Purchase this article with an account.
Talia Brandman, Marius Peelen; The neural basis of context-driven object perception. Journal of Vision 2015;15(12):608. doi: 10.1167/15.12.608.
Download citation file:
© ARVO (1962-2015); The Authors (2016-present)
Considerable evidence points to a division of scene and object processing into two distinct neural pathways, relying on different types of visual cues. However, scene and object perception may also interact, as demonstrated by contextual effects of background on object perception. At present, the neural underpinnings of scene-object interaction remain unknown. Here we asked how visual context shapes the neural representation of objects in real-world scenes. We presented subjects with contextually-defined objects, created by degrading the object such that it is identifiable only within its original scene context. Using fMRI and MEG in two studies, we examined the neural representation of object animacy in contextually-defined objects relative to degraded objects alone and scenes alone. An animacy localizer included animate and inanimate intact objects with no background.

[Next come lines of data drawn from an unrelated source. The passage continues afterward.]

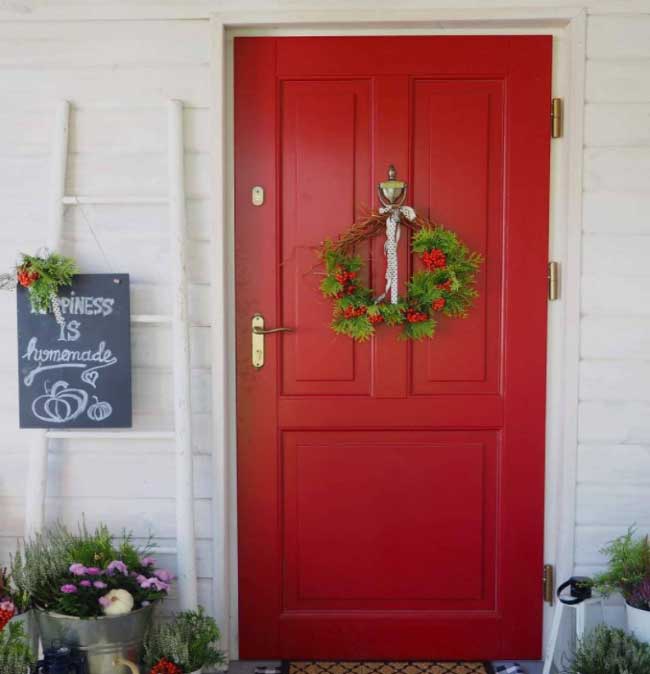 Görselde, kırmızı renkli ahşap bir ön giriş kapısı var.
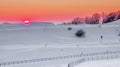 Relaxing warm sunset in a snowy landscape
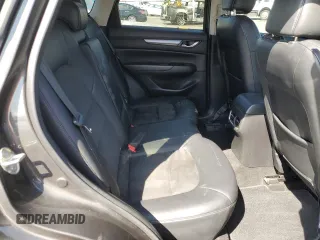 2017 Mazda CX-5 Touring with VIN JM3KFACLXH0131443, listed as a Copart auction lot 48524845 with 102,731 mi miles and Salvage Title. Bid and sale history available at carsss.com. Image 12.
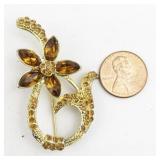 Orange Rhinestone Swirl Flower Gold Tone Base Metal Brooch .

A linear classifier was trained to discriminate animate versus inanimate intact objects and then tested on animacy discrimination in contextually-defined objects, degraded objects alone and scenes alone. In the fMRI study, applying this multivariate approach in a searchlight analysis uncovered above-chance decoding of object animacy for contextually-defined objects, which was significantly stronger than for degraded objects alone or scenes alone, in an extrastriate visual area of the right occipital-temporal cortex. In addition, we present the results of a connectivity analysis correlating the response pattern in this region with the fMRI signal across the brain. In the MEG study, using similar cross-decoding, multivariate analysis of sensors revealed above-chance decoding of object animacy for contextually-defined objects, significantly more than for degraded objects alone or scenes alone, peaking at 300 ms from stimulus onset. In sum, our results provide the first evidence for shaping of neural representation of objects by scene context, suggesting that the category of an unidentifiable object is disambiguated by contextual scene cues after 300 ms and is represented in the extrastriate visual cortex.